▸ What you are asked to do
Write each line of the material exactly as given, from the top through the line that contains "Google pixel 6a 3", and omit all pictures.

▸ Material shown
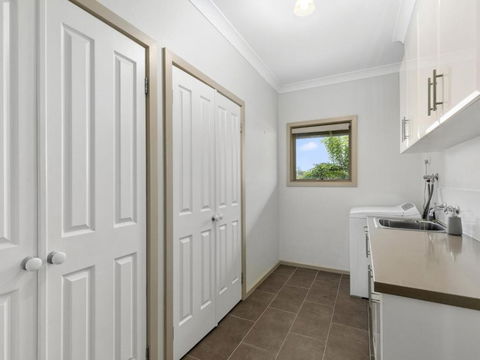 THE LOCH SURFSIDE WIFI NETFLIX PET FRIENDLY (OUTSIDE ONLY) - Your Accommodation 3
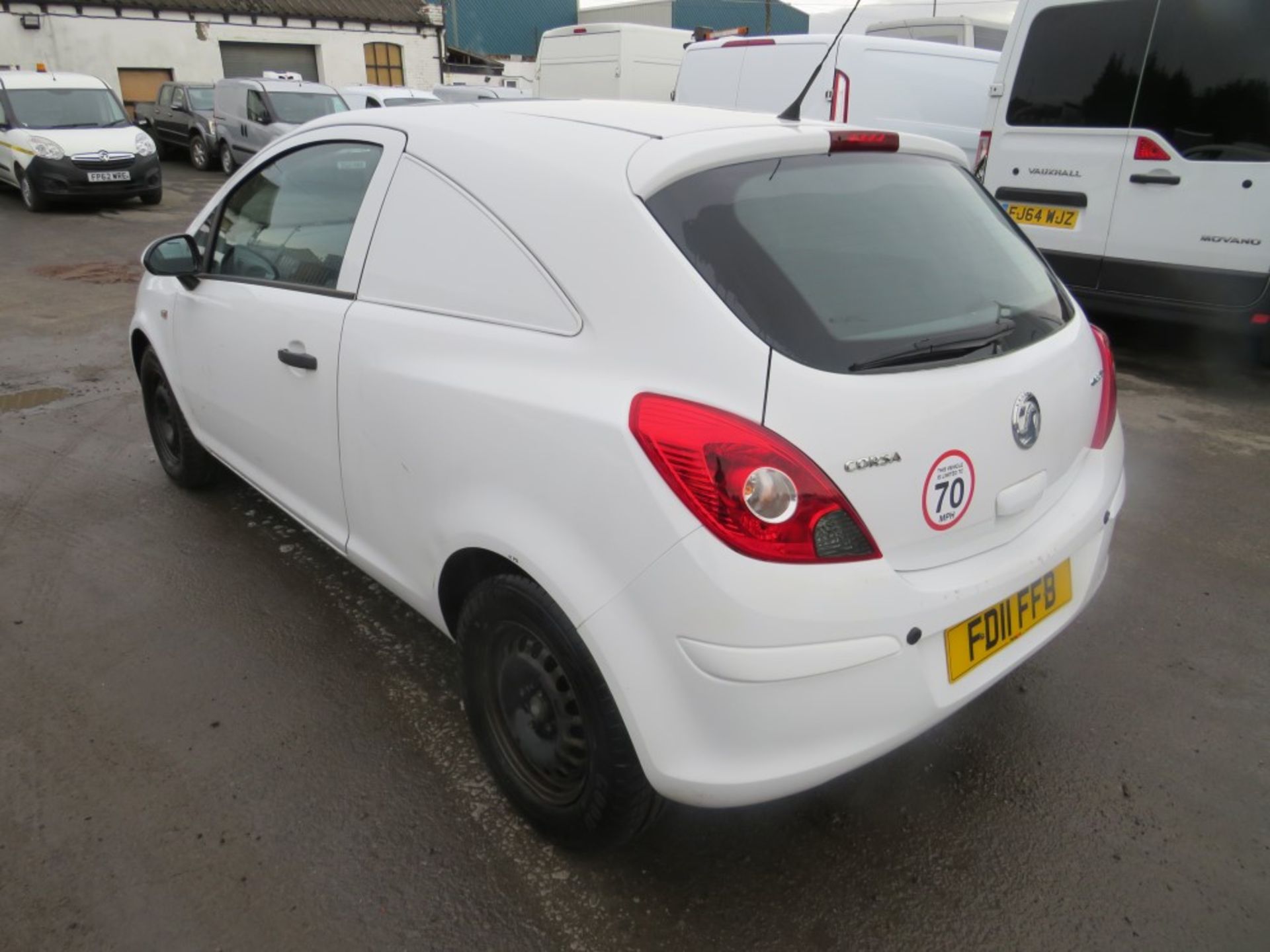 11 reg VAUXHALL CORSA CDTI VAN, 1ST REG 07/11, TEST 03/20, 71092M WARRANTED, V5 HERE, 1 FORMER - Image 3 of 6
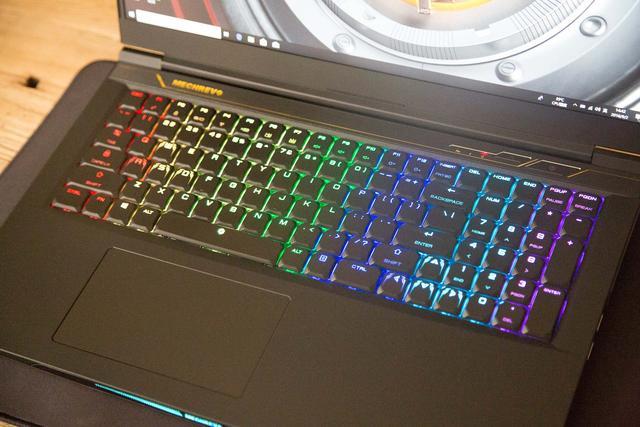 17.3的屏笔电仅15.6的机身？机械革命X8Ti Plus测评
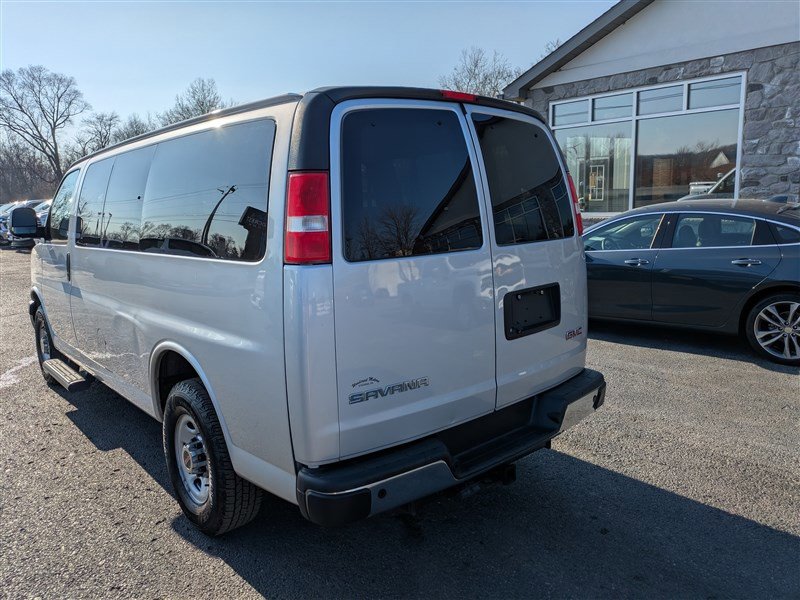 Used 2020 GMC Savana 2500 LS w/ Enhanced Convenience Package RWD image 5
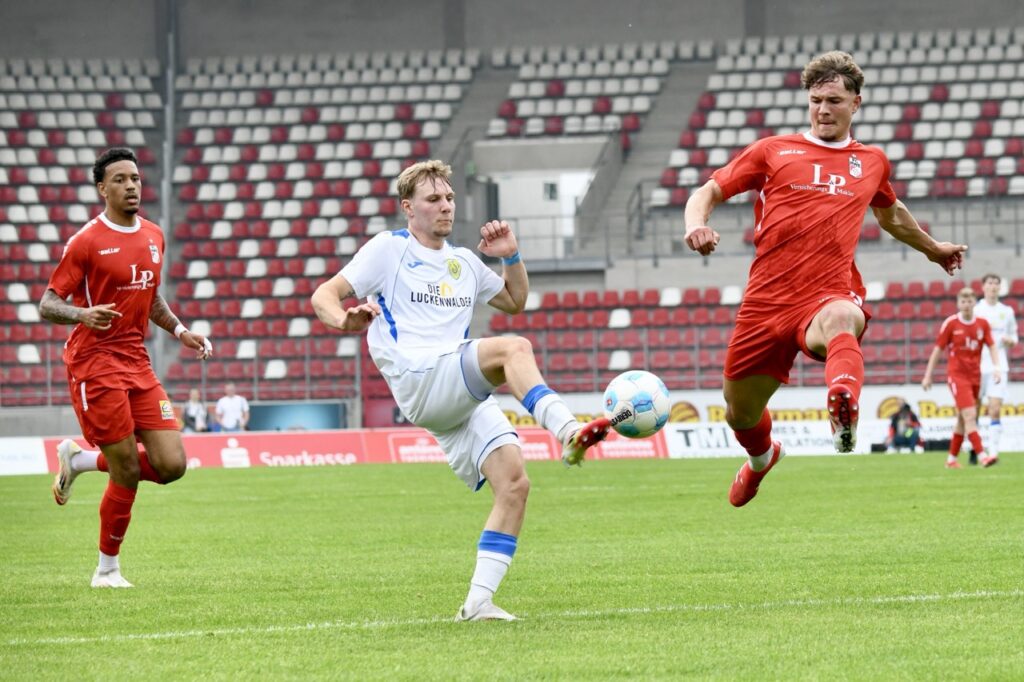 Gastgeschenke verhalfen guter Rot-Weiß-Elf zum glücklichen Sieg 31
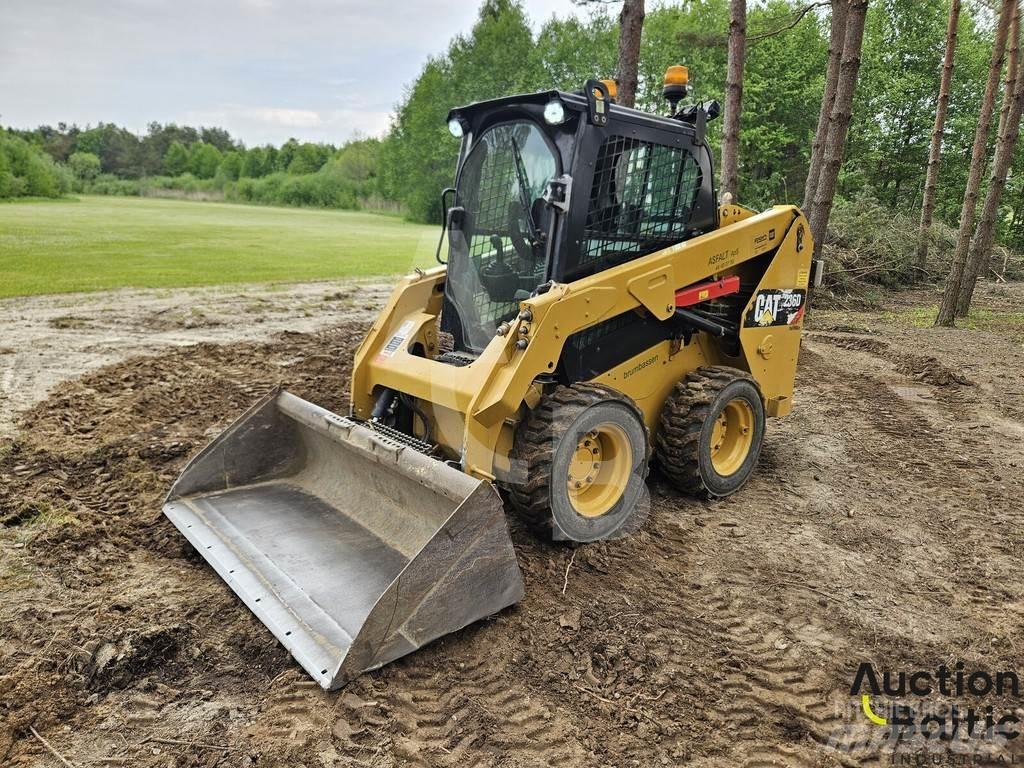 CAT 236 D Minicargadoras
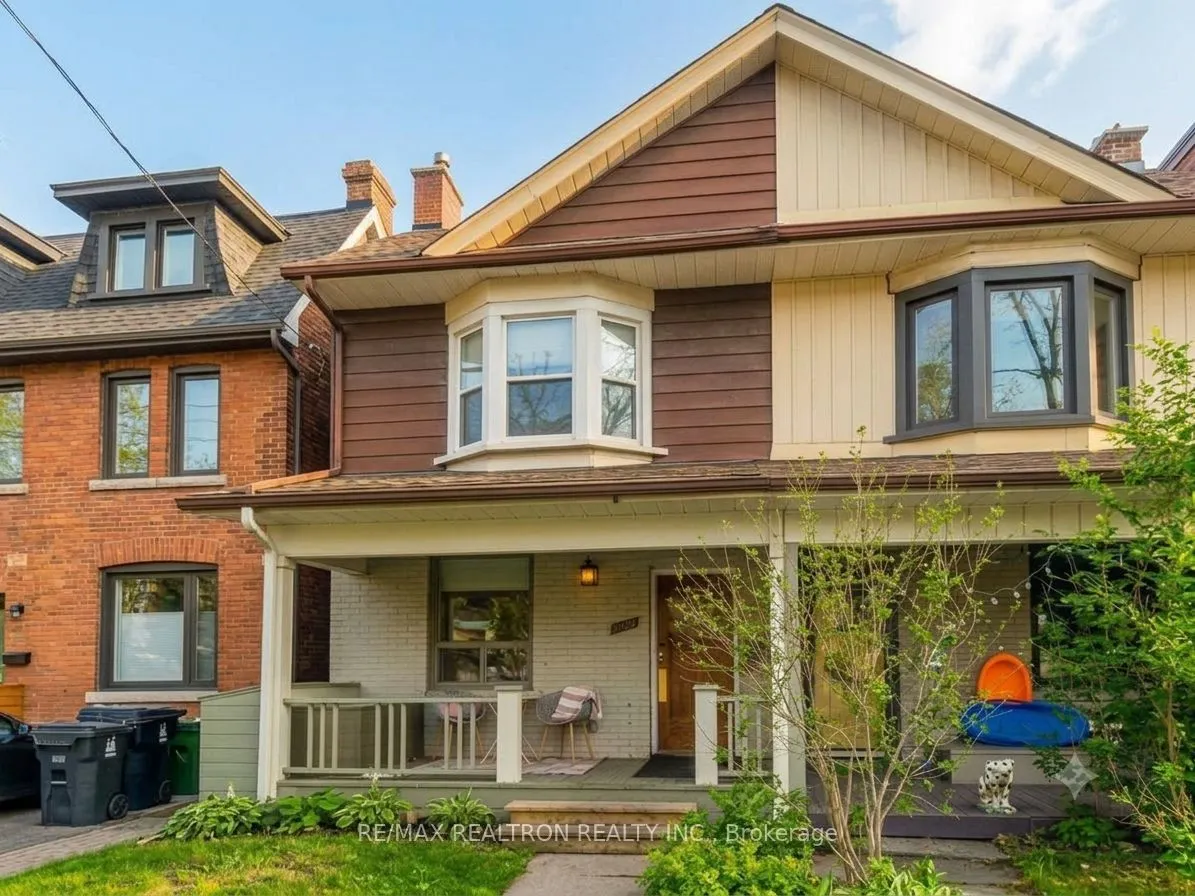 1047 Davenport Road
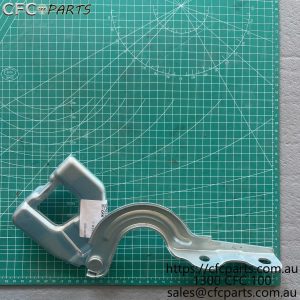 C00076593 LDV V90  Bonnet Hinge Right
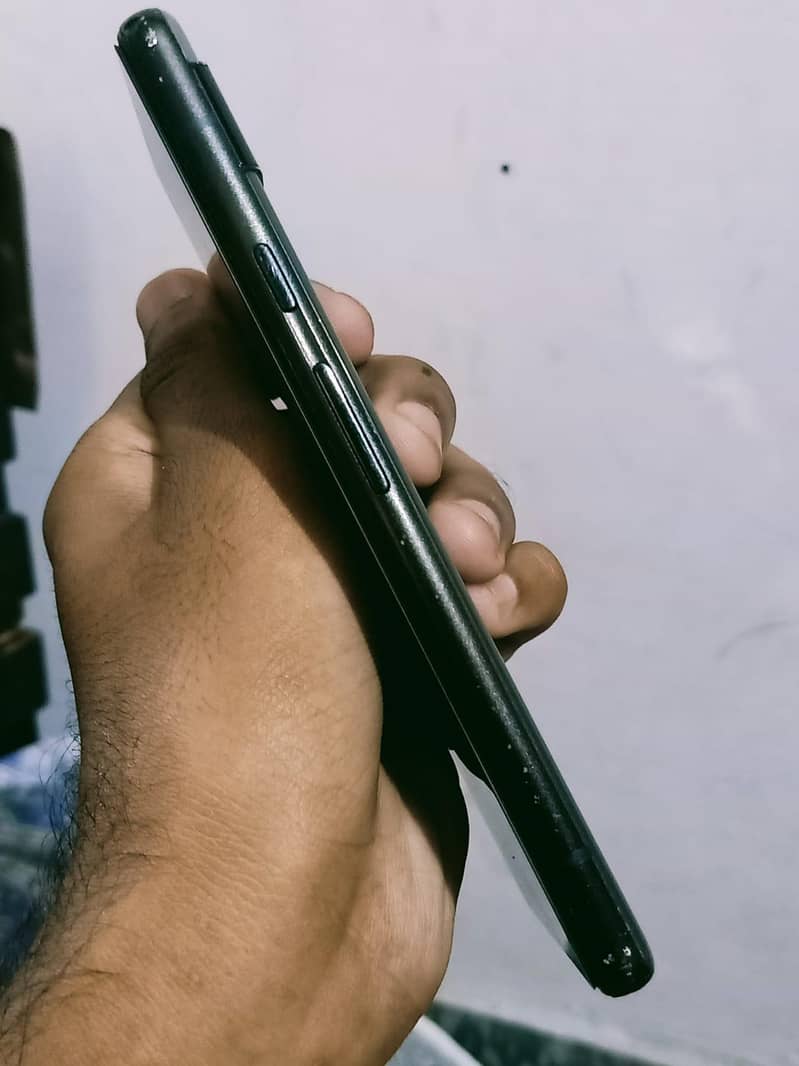 Google pixel 6a 3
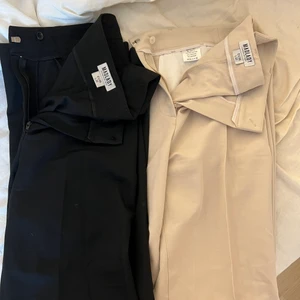 Kostymbyxor  - De svarta är använda fåtal gånger och de beiga är helt oanvända, lapp finns fortfarande kvar samt påsen som dem kom i. Storlek 38-L32 på båda. Bra i längden på mig som är 168. Svarta sålda!’ Köpta för 549kr/st på madlady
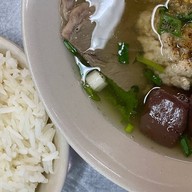 ประสิทธิ์อาหารตามสั่ง (เจ้าเก่าแก่ตลาดใน)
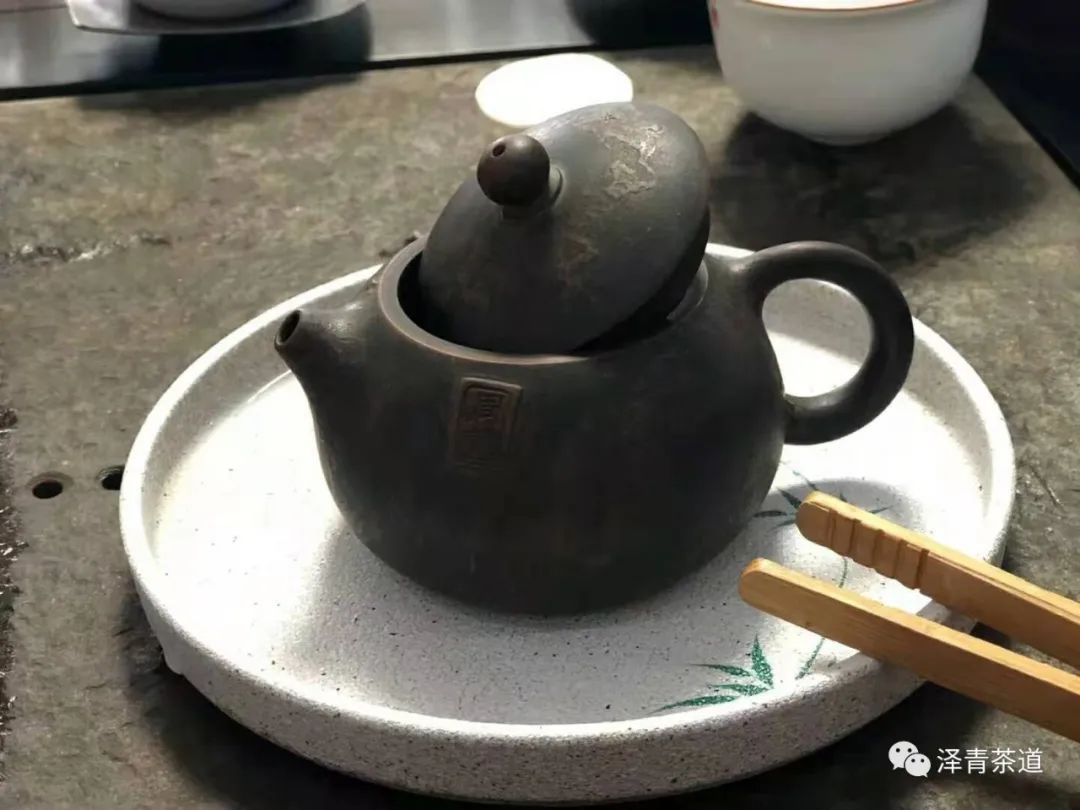 评价茶叶的专业术语(教你喝茶的100个专业术语)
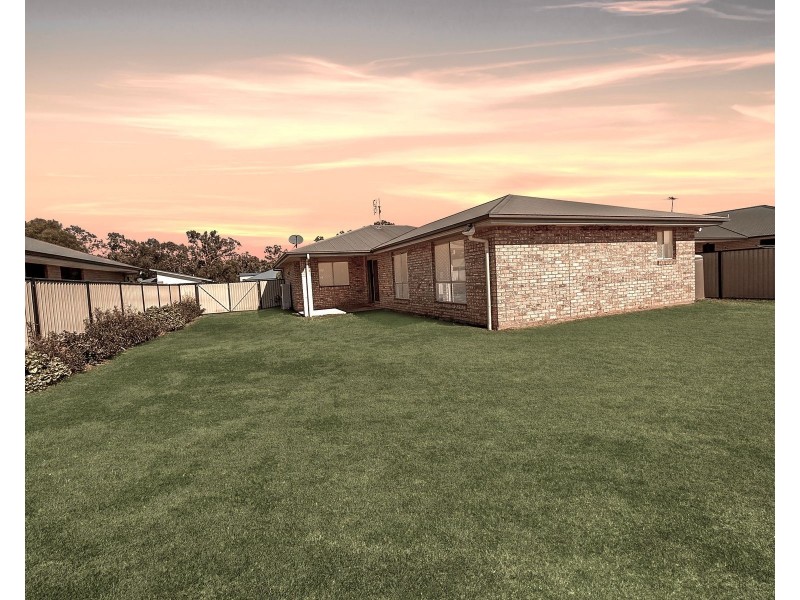 29 Cameron Street, Chinchilla QLD 4413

▸ Solution to this exercise
 THE LOCH SURFSIDE WIFI NETFLIX PET FRIENDLY (OUTSIDE ONLY) - Your Accommodation 3
 11 reg VAUXHALL CORSA CDTI VAN, 1ST REG 07/11, TEST 03/20, 71092M WARRANTED, V5 HERE, 1 FORMER - Image 3 of 6
 17.3的屏笔电仅15.6的机身？机械革命X8Ti Plus测评
 Used 2020 GMC Savana 2500 LS w/ Enhanced Convenience Package RWD image 5
 Gastgeschenke verhalfen guter Rot-Weiß-Elf zum glücklichen Sieg 31
 CAT 236 D Minicargadoras
 1047 Davenport Road
 C00076593 LDV V90  Bonnet Hinge Right
 Google pixel 6a 3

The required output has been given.